OPINION:
Blue-state lawmakers aren’t satisfied with the Trump administration’s proposal to raise the minimum salary required for employees to be exempt from the overtime pay requirement by a whopping 33 percent. They instead want to see the salary minimum doubled, per a rule change finalized during the Obama administration but later suspended per a court ruling.
“In 2020, the salary level would have been approximately $51,000 a year. Unfortunately, a flawed district-court ruling blocked the department from implementing and enforcing the rule. Rather than defending the Obama-era overtime update in court, the Department of Labor is now proposing a new lower-salary level of about $35,000 a year to take effect in 2020,” says House Committee on Education and Labor Chairwoman Rep. Alma S. Adams, North Carolina Democrat.
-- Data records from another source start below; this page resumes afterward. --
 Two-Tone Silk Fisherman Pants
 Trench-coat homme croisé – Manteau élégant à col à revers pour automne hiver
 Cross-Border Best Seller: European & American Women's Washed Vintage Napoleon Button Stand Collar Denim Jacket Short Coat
The Obama-era rule, however, fails to consider cost-of-living expenses throughout the country — how much they vary from state to state — and would unilaterally impose a federal one-size-fits-all standard that may make sense in New York, but certainly not in Alabama or states where the cost of living is relatively low compared to more urban blue states.
As a New York Times article points out, $225,000 is enough to purchase a three-bedroom home with a pool in the Houston suburbs. In New York City, however, $225,000 is only enough to purchase a single parking space — no frills. Even then, there is a wait-list to simply get a chance at purchasing the limited New York City parking spaces. Why the hefty price tag on parking spots? A Goldman Sachs study estimates there is less than a single parking space available for every household in the Big Apple.
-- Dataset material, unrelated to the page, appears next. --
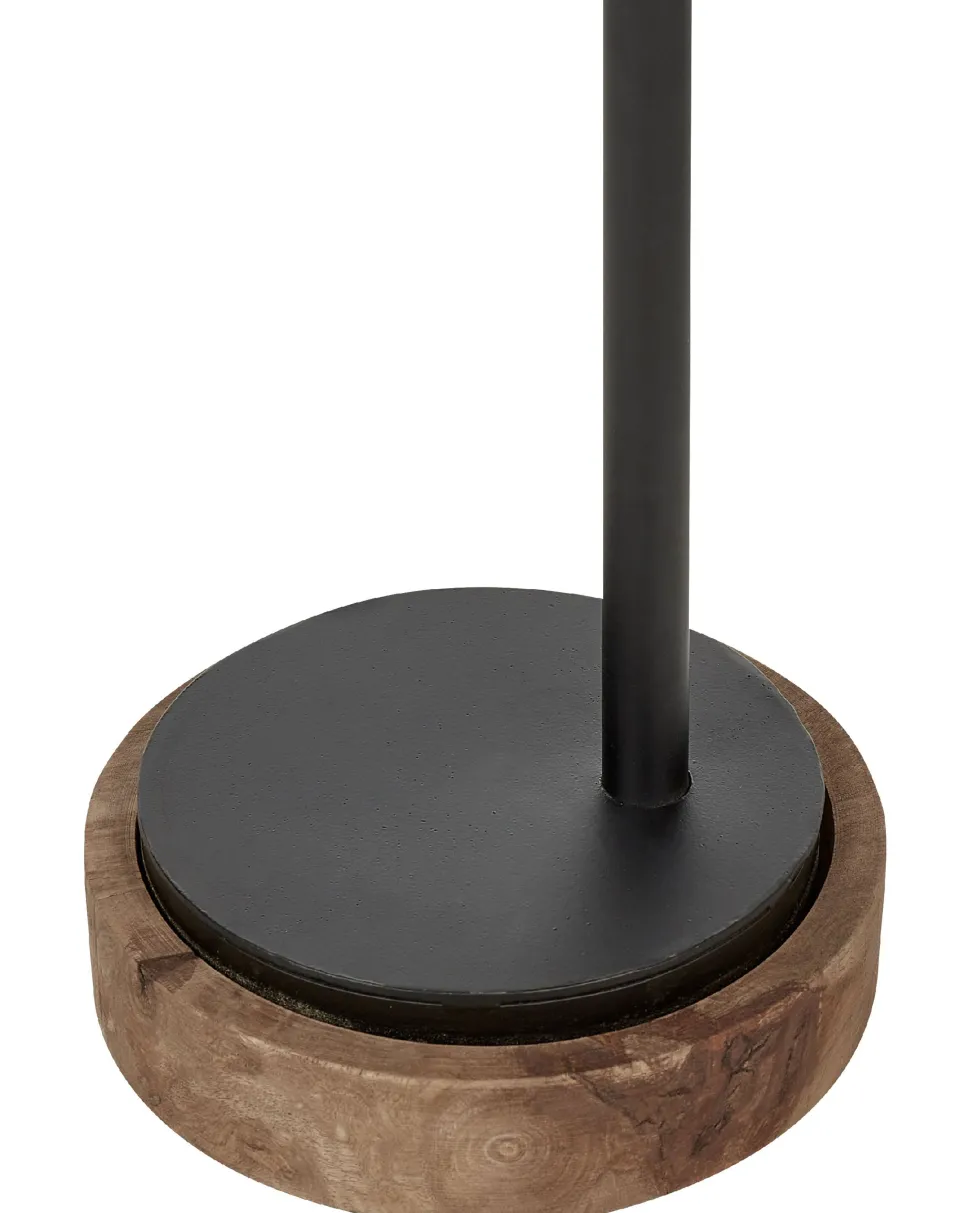 Schreibtischlampe Mango Holz Dunkelbraun / Schwarz 62 Cm Glockenform Kolar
For reasons like this, federal minimum salaries shouldn’t be set so high that they cater to pricier parts of the country on the coasts but would have a devastating impact on the local economies and jobs in the South and Midwest. The same argument should apply when considering increasing the federal minimum wage. Federal law is a floor that needs to work everywhere in the nation. States can and do enact higher minimum-wage and higher minimum salary thresholds as they see fit.
States should not, however, be forced by the federal government to apply a blanket standard that doesn’t make sense in certain regions of the country. Larry Fox, a Hooters franchisee with locations in Alabama and Florida, says in a recent Wall Street Journal article that his employees make so much in tips that they earn a living wage.
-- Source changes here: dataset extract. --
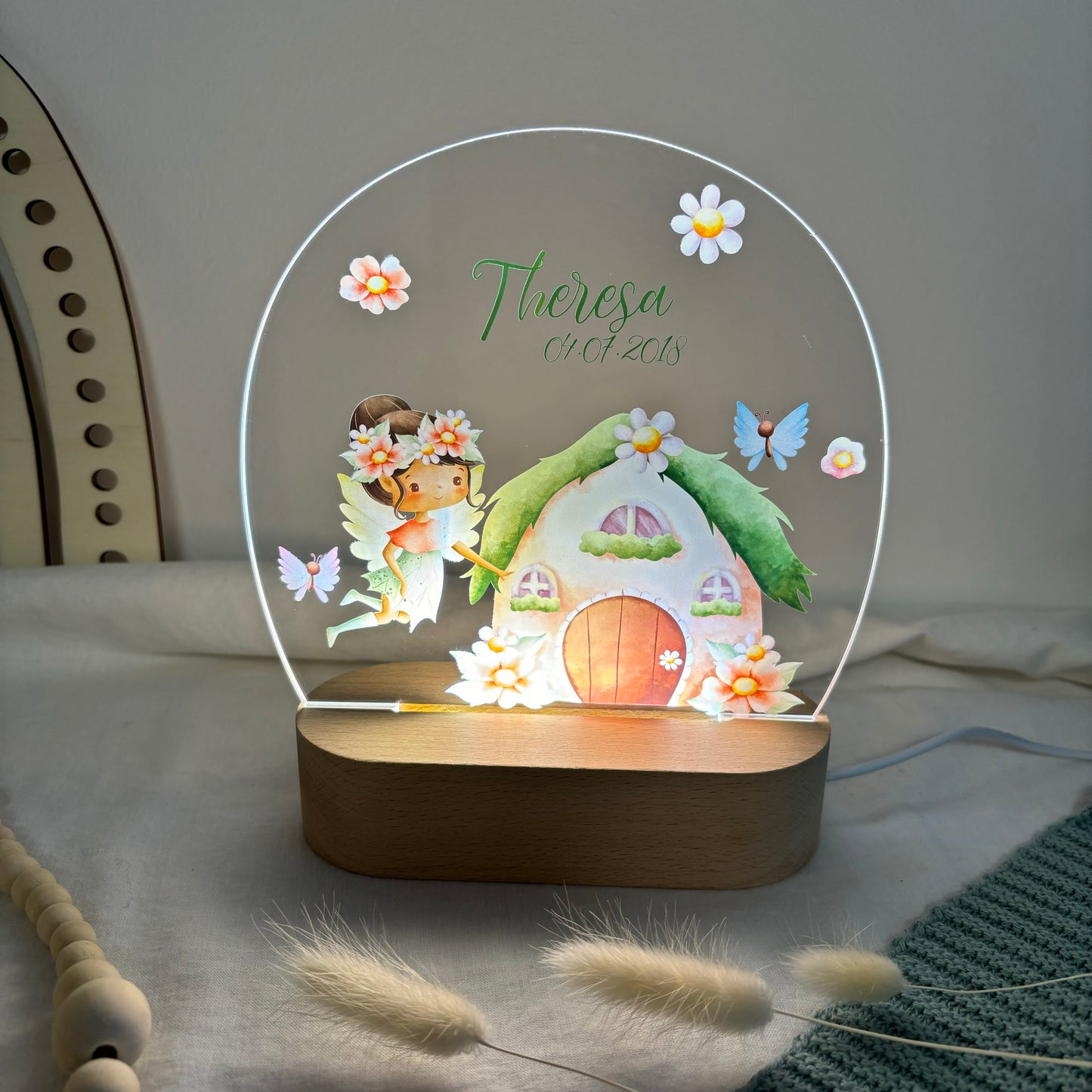 Nachtlampe personalisiert aus Acryl mit Motiv Fee II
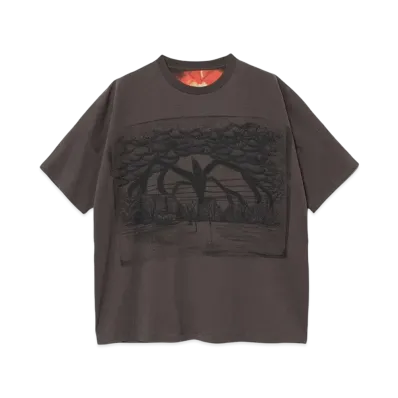 graniph x Stranger Things Mind Flayer Super Wide Silhouette T-Shirt "Sumikuro"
A federal minimum-wage hike proposed by Rep. Terri Swell. Alabama Democrat, however, would eliminate tipped employees’ lower-base wage and require a restaurant to pay employees minimum wage in addition to tips. “A handful of states — Alaska, California, Minnesota, Montana, Nevada, Oregon and Washington — have adopted this approach,” says Mr. Fox.
“Were it to take effect in Alabama, it would represent as much as a 600% increase in the hourly cost of paying a tipped employee to work for me. In pursuit of a ’living wage,’ Ms. Sewell could cause my employees to lose their incomes entirely by forcing me to shut down my business.”
It’s apparent that what works in one part of the country may not work in all parts of the country, and federal lawmakers have far too much power to impose burdensome regulations on states that never elected those same federal lawmakers in the first place. This is especially true when it comes to labor law and setting the federal minimum wage and setting federal minimum salary requirements for those entitled to overtime pay.
President Trump’s proposed 33 percent increase to federal minimum salary requirements for those entitled to overtime pay is more than reasonable, and policymakers should remember that the Fair Labor Standards Act needs to work throughout the country without adverse impact on local economies and jobs.
It must work in every state and every industry, in large cities and tiny towns, for small businesses and large, for profit and non-profit businesses. For this reason, regulators need to reject a one-size-fits-all approach to setting the federal minimum wage and federal salary minimums for overtime exemptions.
• Tammy McCutchen is a lawyer and former Labor Department administrator.